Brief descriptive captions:
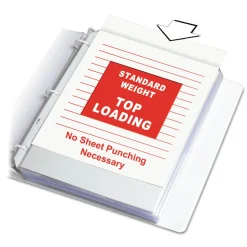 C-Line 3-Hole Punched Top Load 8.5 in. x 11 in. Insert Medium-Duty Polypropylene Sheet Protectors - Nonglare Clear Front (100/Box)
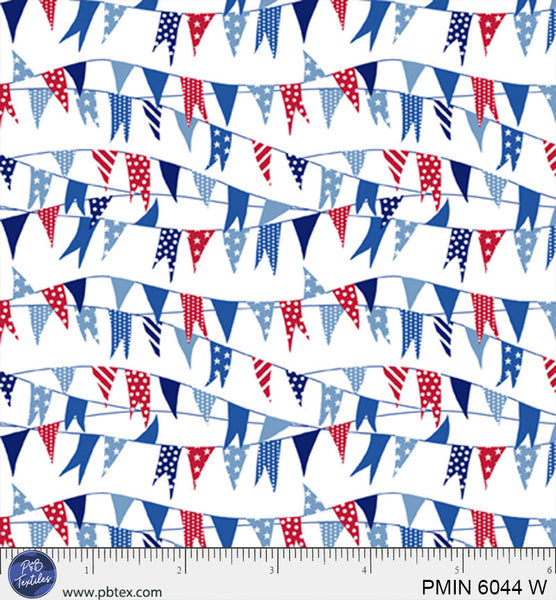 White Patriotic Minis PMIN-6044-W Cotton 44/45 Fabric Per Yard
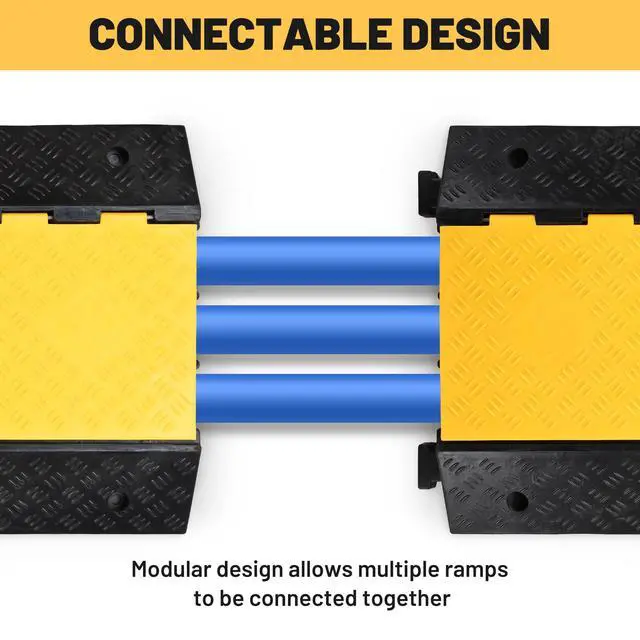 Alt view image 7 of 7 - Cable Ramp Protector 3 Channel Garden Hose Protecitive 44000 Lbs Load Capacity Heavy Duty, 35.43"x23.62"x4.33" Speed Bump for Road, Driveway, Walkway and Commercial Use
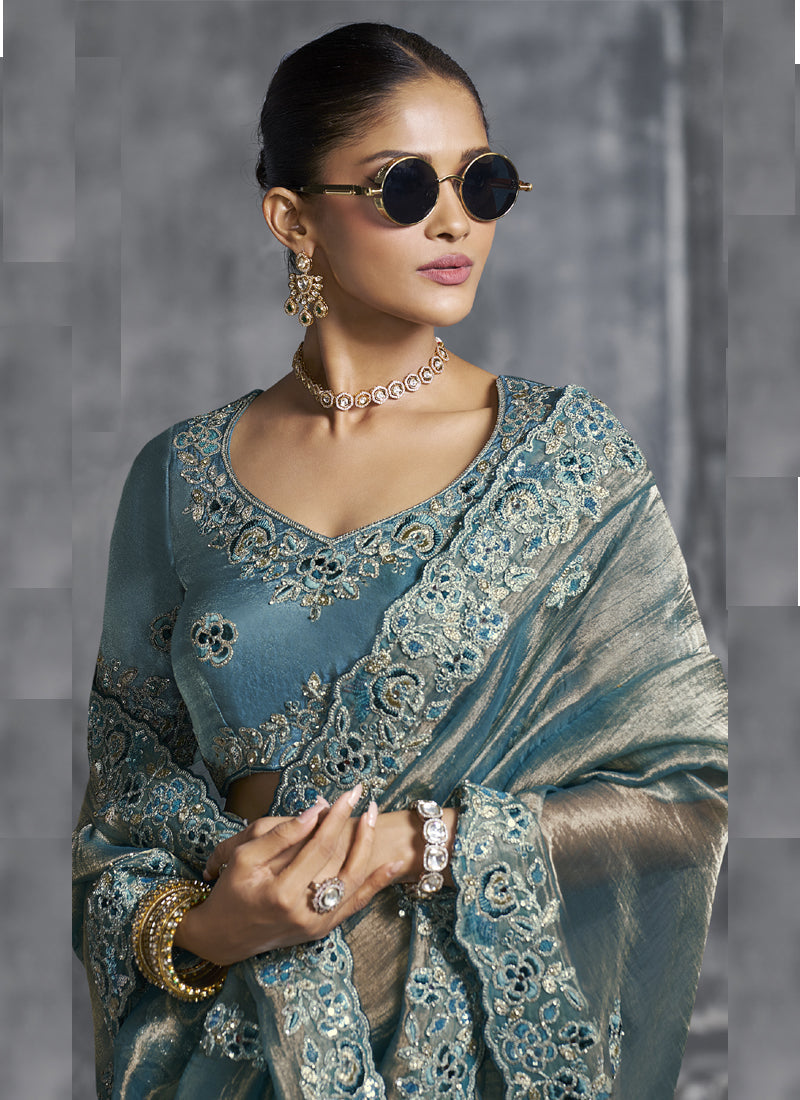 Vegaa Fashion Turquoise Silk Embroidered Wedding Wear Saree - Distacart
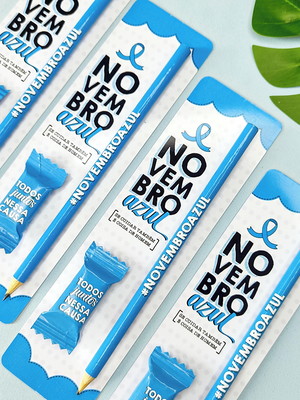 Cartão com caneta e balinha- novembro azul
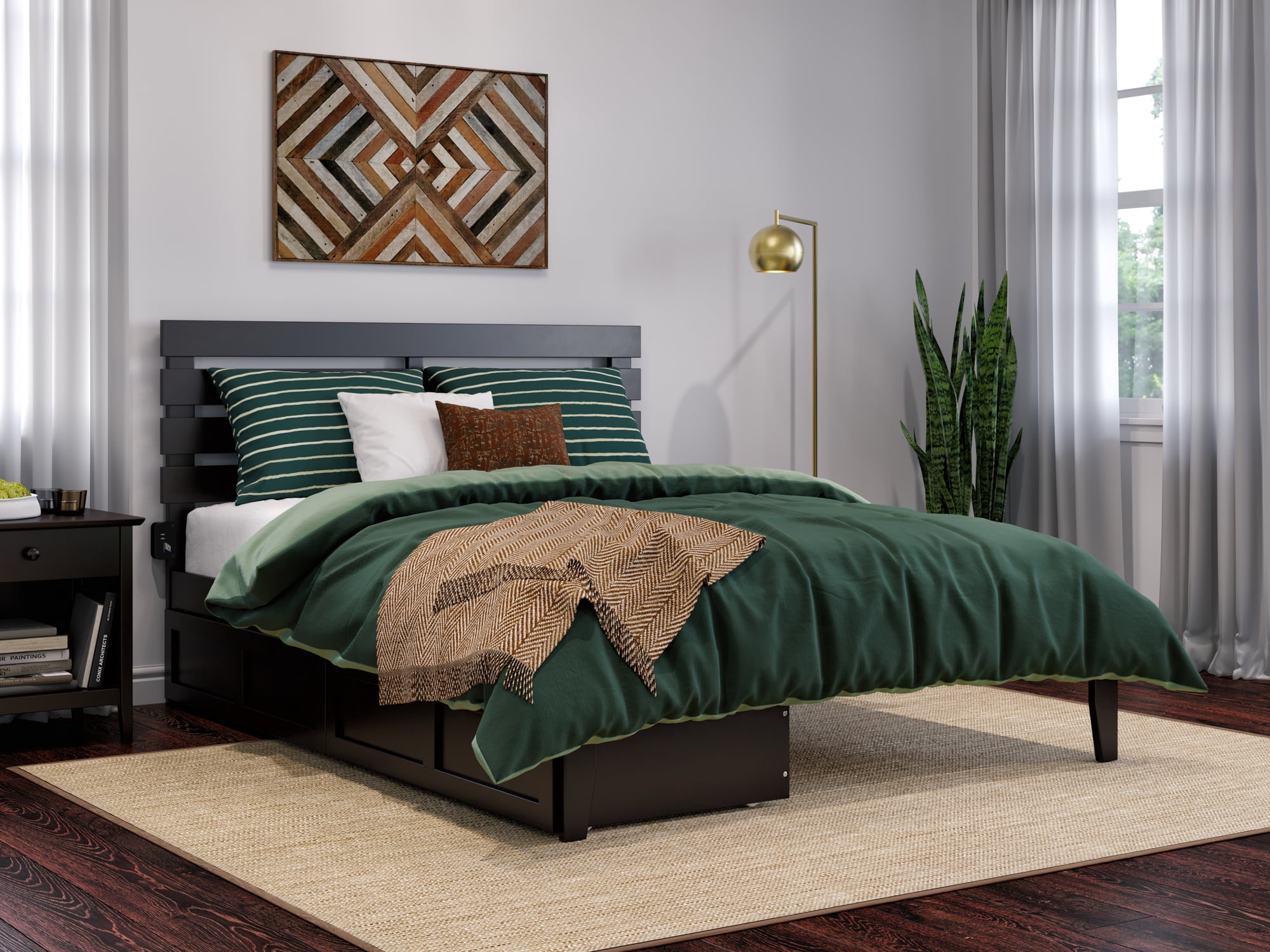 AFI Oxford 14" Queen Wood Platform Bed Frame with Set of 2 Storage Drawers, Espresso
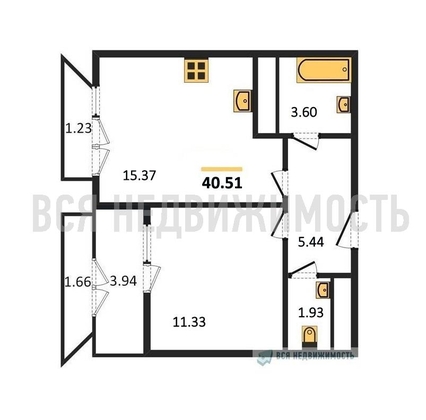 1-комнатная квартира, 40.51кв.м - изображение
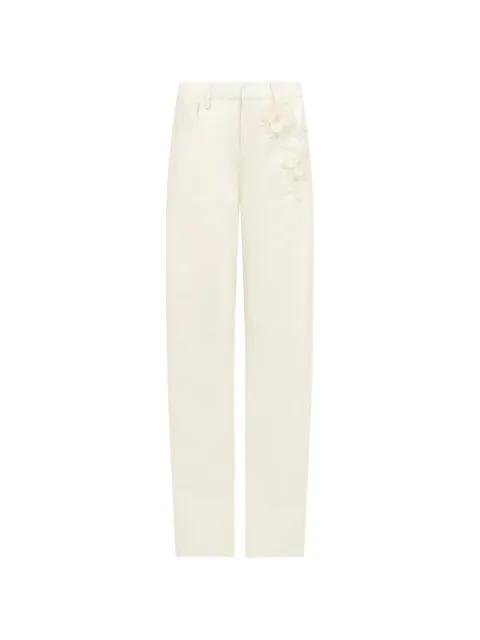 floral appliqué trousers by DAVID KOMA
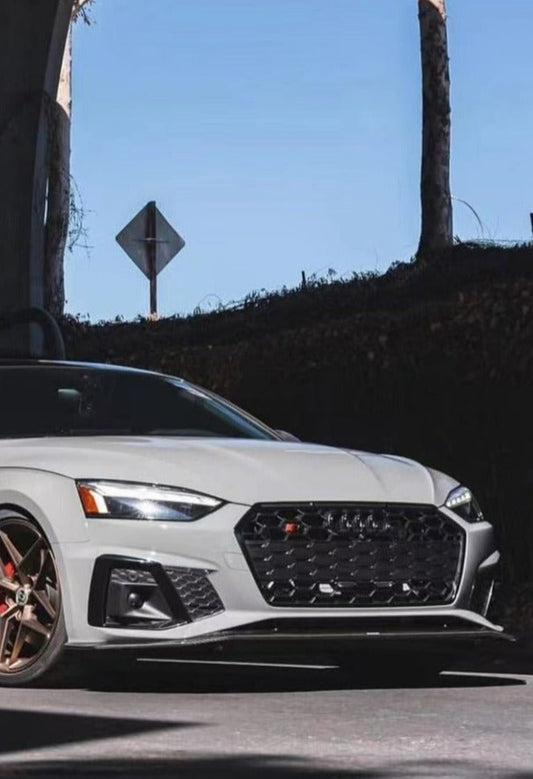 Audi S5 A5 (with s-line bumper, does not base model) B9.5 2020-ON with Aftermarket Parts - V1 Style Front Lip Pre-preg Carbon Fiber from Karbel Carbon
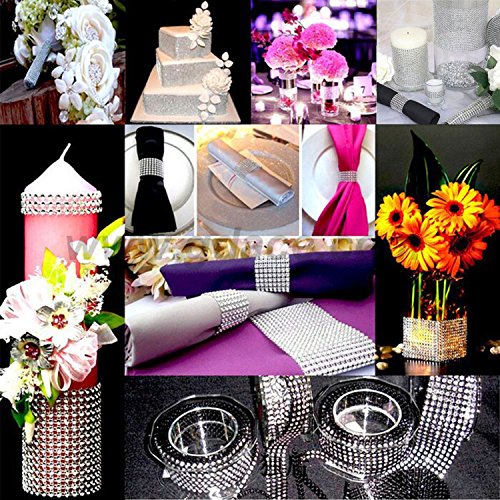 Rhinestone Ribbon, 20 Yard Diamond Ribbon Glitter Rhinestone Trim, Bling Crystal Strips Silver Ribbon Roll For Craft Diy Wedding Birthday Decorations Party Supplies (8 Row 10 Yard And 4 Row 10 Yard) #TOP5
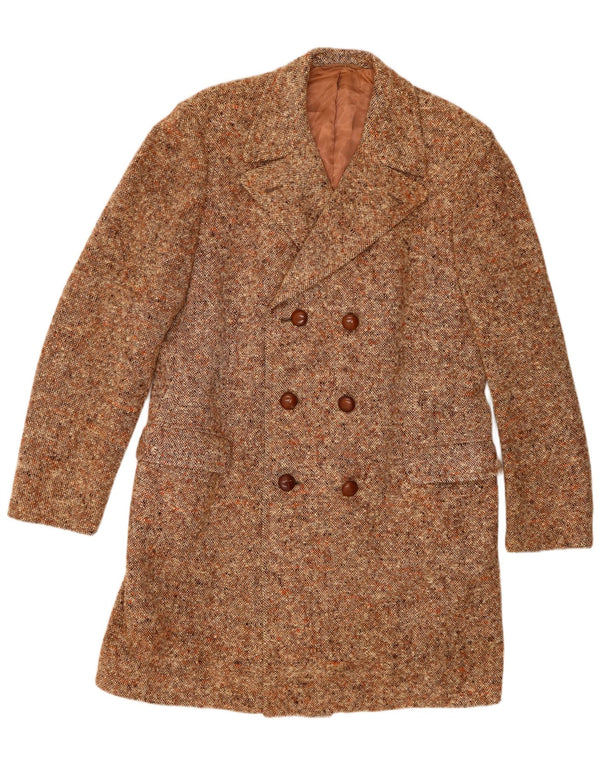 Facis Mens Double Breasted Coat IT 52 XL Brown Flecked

## Action item:
The reply should repeat the data in full, exactly as given, and contain no pictures.

## Response for this exercise:
 C-Line 3-Hole Punched Top Load 8.5 in. x 11 in. Insert Medium-Duty Polypropylene Sheet Protectors - Nonglare Clear Front (100/Box)
 White Patriotic Minis PMIN-6044-W Cotton 44/45 Fabric Per Yard
 Alt view image 7 of 7 - Cable Ramp Protector 3 Channel Garden Hose Protecitive 44000 Lbs Load Capacity Heavy Duty, 35.43"x23.62"x4.33" Speed Bump for Road, Driveway, Walkway and Commercial Use
 Vegaa Fashion Turquoise Silk Embroidered Wedding Wear Saree - Distacart
 Cartão com caneta e balinha- novembro azul
 AFI Oxford 14" Queen Wood Platform Bed Frame with Set of 2 Storage Drawers, Espresso
 1-комнатная квартира, 40.51кв.м - изображение
 floral appliqué trousers by DAVID KOMA
 Audi S5 A5 (with s-line bumper, does not base model) B9.5 2020-ON with Aftermarket Parts - V1 Style Front Lip Pre-preg Carbon Fiber from Karbel Carbon
 Rhinestone Ribbon, 20 Yard Diamond Ribbon Glitter Rhinestone Trim, Bling Crystal Strips Silver Ribbon Roll For Craft Diy Wedding Birthday Decorations Party Supplies (8 Row 10 Yard And 4 Row 10 Yard) #TOP5
 Facis Mens Double Breasted Coat IT 52 XL Brown Flecked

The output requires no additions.